Task objective:
Every word in the data below belongs in your copy, exactly as given; the pictures do not.

Data segment:
⟨

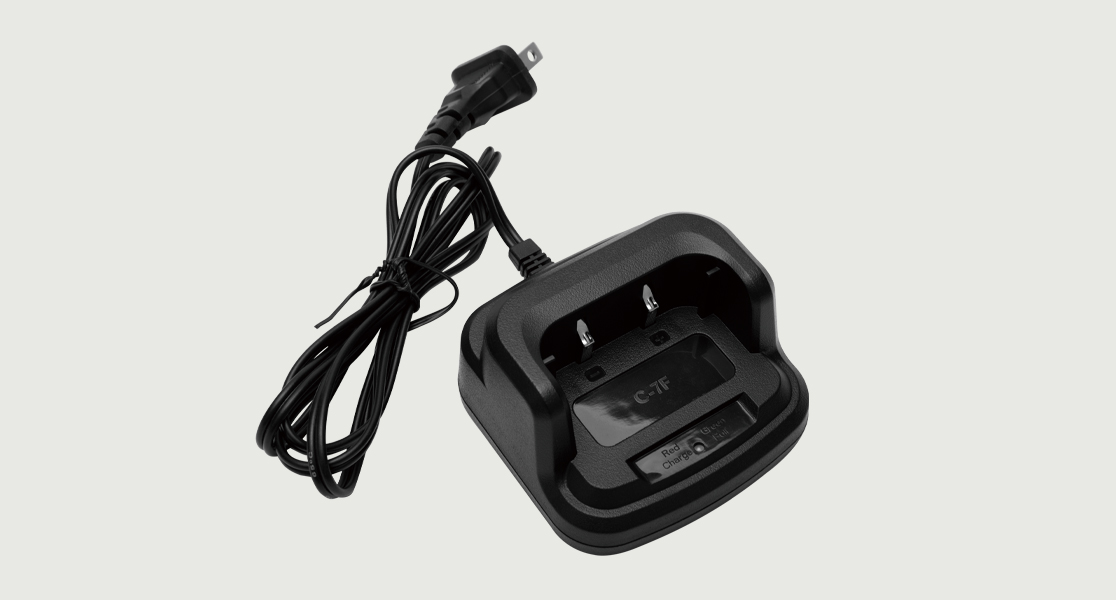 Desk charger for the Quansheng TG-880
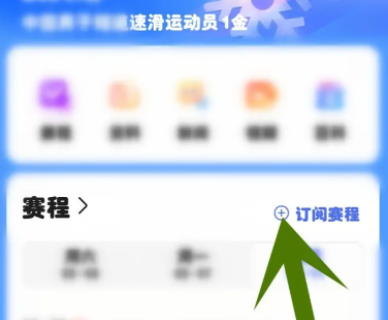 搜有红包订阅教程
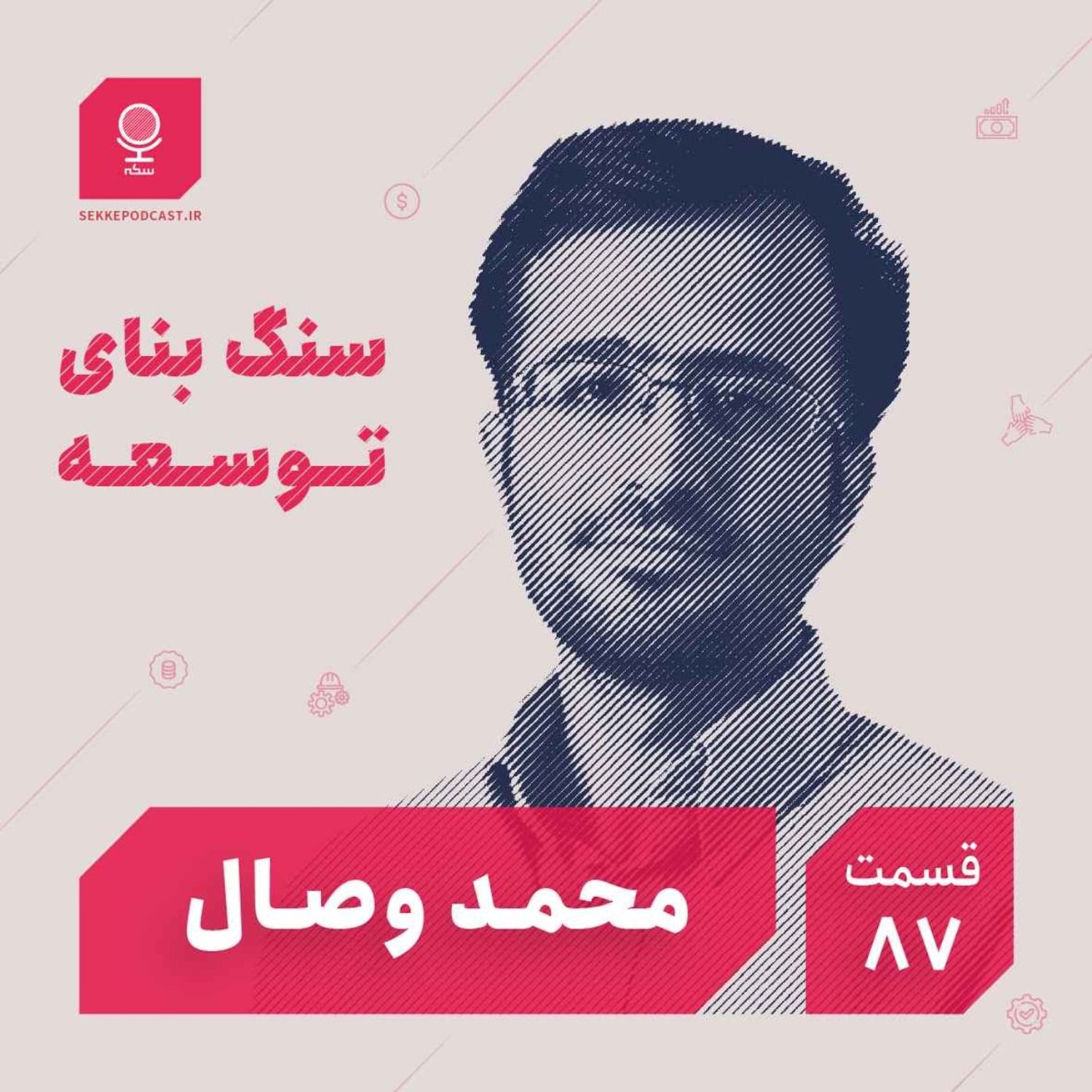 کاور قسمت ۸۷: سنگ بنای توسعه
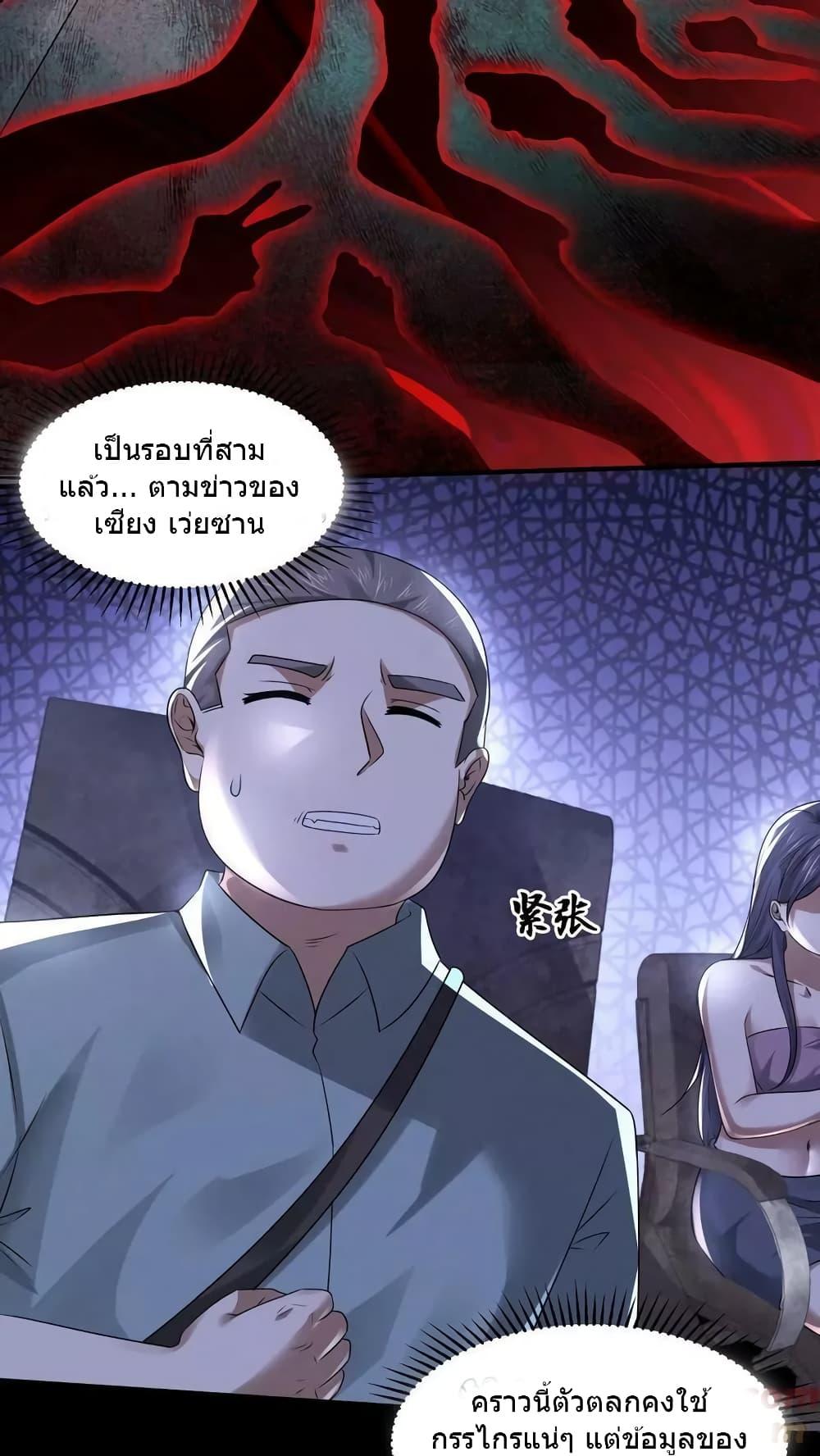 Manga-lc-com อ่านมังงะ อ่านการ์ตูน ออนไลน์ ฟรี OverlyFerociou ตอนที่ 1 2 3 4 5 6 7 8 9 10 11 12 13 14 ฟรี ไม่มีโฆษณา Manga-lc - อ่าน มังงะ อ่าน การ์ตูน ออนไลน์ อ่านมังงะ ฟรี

⟩

Response to the task:
 Desk charger for the Quansheng TG-880
 搜有红包订阅教程
 کاور قسمت ۸۷: سنگ بنای توسعه
 Manga-lc-com อ่านมังงะ อ่านการ์ตูน ออนไลน์ ฟรี OverlyFerociou ตอนที่ 1 2 3 4 5 6 7 8 9 10 11 12 13 14 ฟรี ไม่มีโฆษณา Manga-lc - อ่าน มังงะ อ่าน การ์ตูน ออนไลน์ อ่านมังงะ ฟรี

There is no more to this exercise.